> _Brief_
Instruction for the entries that follow: retype exactly the lines from the line with "leucina. Deve ser" to the line with "Alimentação para bovinos de corte", both included, and omit all others.

> _Provided records_
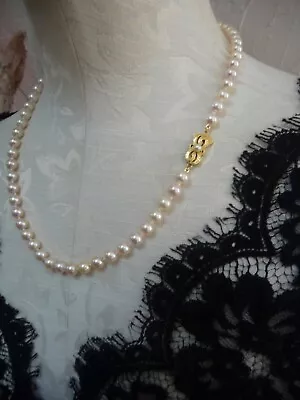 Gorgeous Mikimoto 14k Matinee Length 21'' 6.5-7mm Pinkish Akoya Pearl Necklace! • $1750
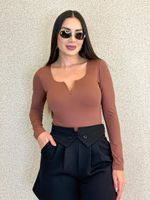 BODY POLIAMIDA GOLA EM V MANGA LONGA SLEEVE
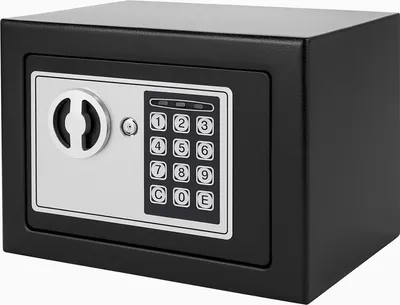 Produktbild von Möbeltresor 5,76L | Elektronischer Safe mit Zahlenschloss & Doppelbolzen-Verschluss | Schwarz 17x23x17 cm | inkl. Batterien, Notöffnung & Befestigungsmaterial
* * *
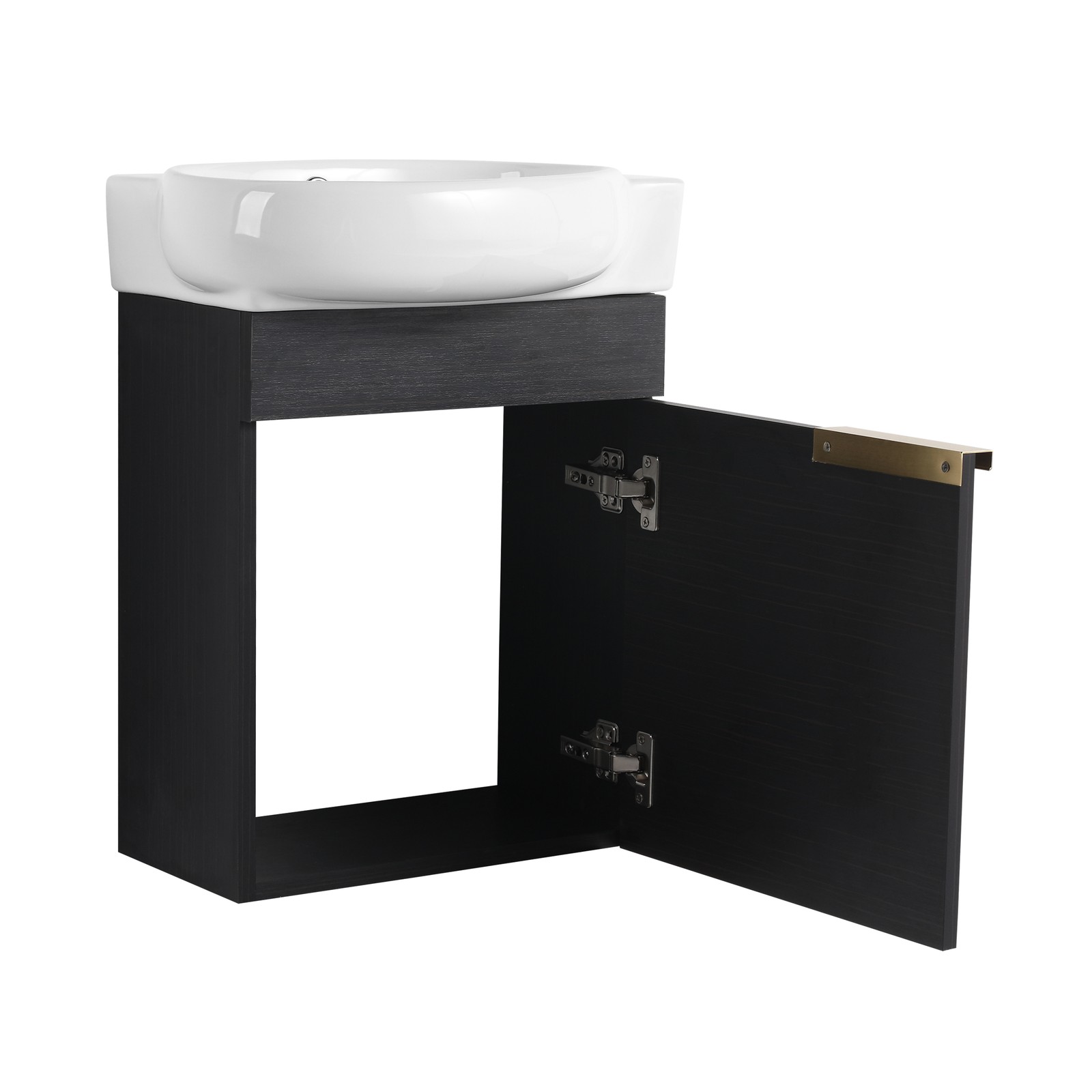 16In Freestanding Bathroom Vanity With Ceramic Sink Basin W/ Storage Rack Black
==
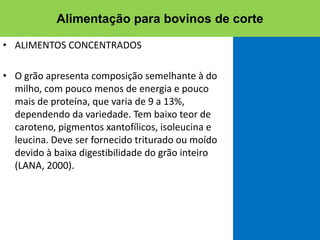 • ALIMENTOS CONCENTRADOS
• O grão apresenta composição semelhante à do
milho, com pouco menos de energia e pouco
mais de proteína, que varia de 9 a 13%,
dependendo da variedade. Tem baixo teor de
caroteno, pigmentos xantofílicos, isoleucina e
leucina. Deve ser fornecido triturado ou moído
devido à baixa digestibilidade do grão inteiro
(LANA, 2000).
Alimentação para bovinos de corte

> _Task result_
leucina. Deve ser fornecido triturado ou moído
devido à baixa digestibilidade do grão inteiro
(LANA, 2000).
Alimentação para bovinos de corte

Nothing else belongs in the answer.